[The input]
..........

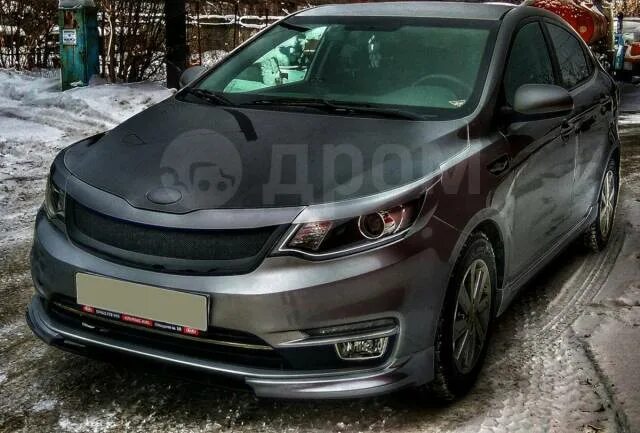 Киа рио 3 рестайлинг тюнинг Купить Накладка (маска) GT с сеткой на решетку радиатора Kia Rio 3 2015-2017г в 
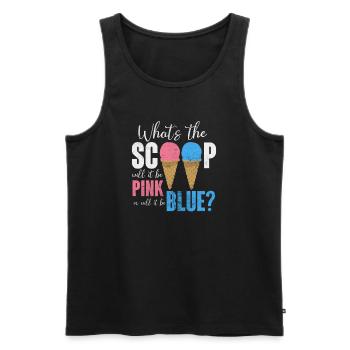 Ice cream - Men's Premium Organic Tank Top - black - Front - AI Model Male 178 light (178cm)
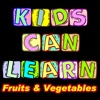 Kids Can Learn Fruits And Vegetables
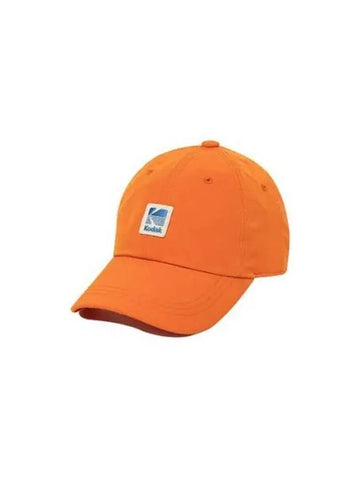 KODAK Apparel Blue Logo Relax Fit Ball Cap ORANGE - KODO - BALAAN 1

..........

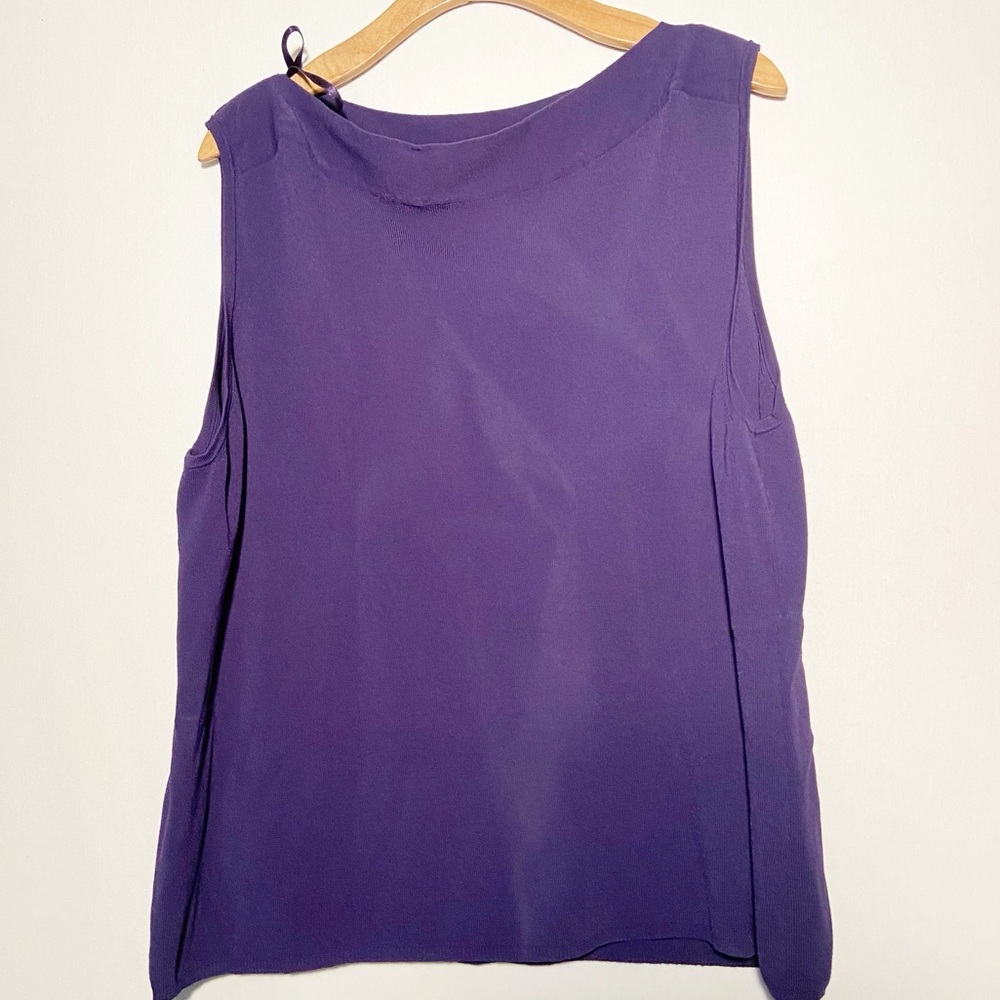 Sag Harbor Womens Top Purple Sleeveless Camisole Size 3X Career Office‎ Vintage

..........

[Your instructions]
Skipping the pictures, print the lines in the listing above exactly as written, starting at the line with "Kids Can Learn Fruits And Vegetables" and ending at the line with "KODAK Apparel Blue", both included.

[Exercise answer]
 Kids Can Learn Fruits And Vegetables
 KODAK Apparel Blue Logo Relax Fit Ball Cap ORANGE - KODO - BALAAN 1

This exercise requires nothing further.